His mark already made within golf's traditional circles, Jimmy Dunne has sights on new technology
Jimmy Dunne calls his latest opportunity—the newly named chairman of the board at stat-tracking golf technology company Arccos—the perfect mix of his profession and his passion. The renowned finance executive’s love of golf has taken him to every place in the game that matters. Whether it was rising from the ranks of caddie at Southward Ho on Long Island in New York to a club champion at some of the country’s most prestigious clubs and eventually the current president at Seminole Golf Club, or resurrecting his premier investment banking firm after it was decimated in the tragic aftermath of 9/11, Dunne’s indefatigable spirit is a life force to all he touches.
Now the business expert and lifelong golf obsessive is getting the opportunity to bring some of that hopeful impatience to one of golf’s current brightest possibilities. A fan, friend and early investor in company founder and CEO Sal Syed, Dunne’s newly established role with the company is not particularly defined, which means it will likely be anything and everything to help the company find its full potential.

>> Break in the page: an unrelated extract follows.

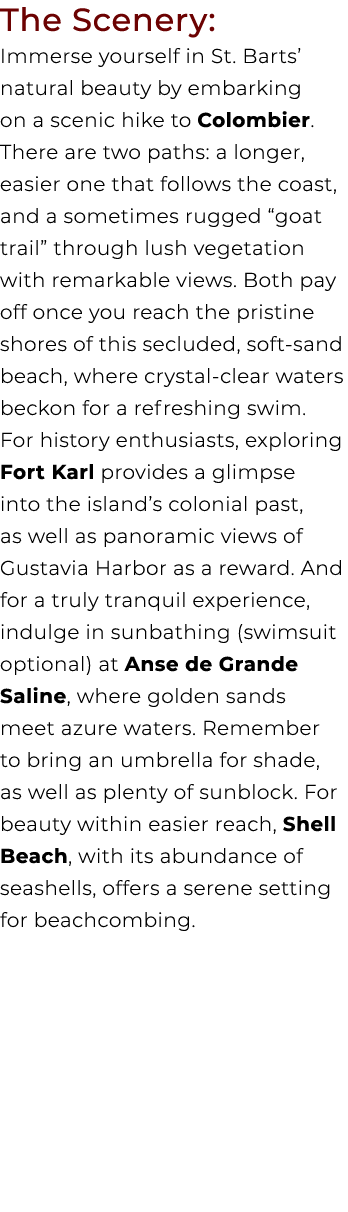 The Scenery: Immerse yourself in St. Barts’ natural beauty by embarking on a scenic hike to Colombier. There are two ...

“The first time I met Jimmy was when he spoke to my class at Yale almost a decade ago,” Syed said in a statement. “I was profoundly struck by his ability to see the North Star so clearly in the face of unimaginable adversity. His words stick with me to this day: ‘When you do the right thing, you don’t know how high the ceiling is.’ I know that with Jimmy’s guidance and support Arccos’ potential ceiling just got even higher.”

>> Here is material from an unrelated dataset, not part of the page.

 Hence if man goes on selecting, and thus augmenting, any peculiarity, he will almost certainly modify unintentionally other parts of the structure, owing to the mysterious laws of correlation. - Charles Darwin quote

Arccos, the leader in the GPS stat-tracking category, has a database of more than half a billion shots and its use of artificial intelligence has developed a kind of instantaneous, all-seeing analytical advice that knows the right club to pick for your next shot better than you ever will. Dunne sees Arccos and its technology as instrumental in how golf might grow in the near term.

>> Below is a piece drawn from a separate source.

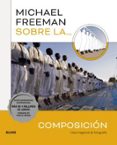 Michael Freeman sobre la composición-13095638-otro-formato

“It’s a matter of what we’re all doing as golfers and that’s trying to gather information and get better,” Dunne told Golf Digest. “This is clearly a tremendous information source, and if people use it correctly, it can be terrifically beneficial to improving, which is what we’re all trying to do.”
Despite the ever developing complexity of Arccos’ technology platform, Dunne stresses that what he likes most about Arccos is how it works across many levels. Referencing one of his favorite courses, he compared Arccos to Augusta National, which he said can accommodate the high double-digit handicapper at the same time can be a demanding test for the greatest players in the world.
“All of us who have played competitive golf recognize that the short game is where it’s at, but we still turn right to the driving range and not left to the pitching green,” he said. “Arccos is a reminder of where you’re really losing your shots. Meanwhile, a new player can look at that very quickly and really develop some strong habits that will make him better faster. So I think it appeals to both levels of players. It appeals to the totally tech driven information thirsty analytical maniac, but it will also appeal to a guy that’s more of a general point of view of how can I get better, how can I win.”
Always practical in business and in his golf game, Dunne likes Arccos efficiency in pinpointing problem areas.
“You can’t lie with Arccos when you’re talking to your teacher,” he said. “It’s like with me and my trainer.”
Dunne is famously a fan of caddies—the human kind—but he thinks the A.I.-driven technology of Arccos Caddie could be part of a new future meeting of minds on the tee box. “What Sal has been able to do is that he’s created a technology that’s very user friendly and you can take it as far or use it as little as you want,” he said. “I think Arccos Caddie could create a discussion between you and the regular caddie, too. I think both can contribute. I don’t think you have to just pick one.”
Dunne said he has admired how Arccos under Syed has continued to improve over the last decade, and praised Syed’s “determination and grit and intelligence and how he was able to build something.” He said his role going forward with Syed could take many turns.
“I want to do whatever I can to help him,” Dunne said. “If it’s something business-related, golf-related, either way it kind of suits all of my interests. And I’d like to see him be successful. What exactly he uses me for we’ll see.”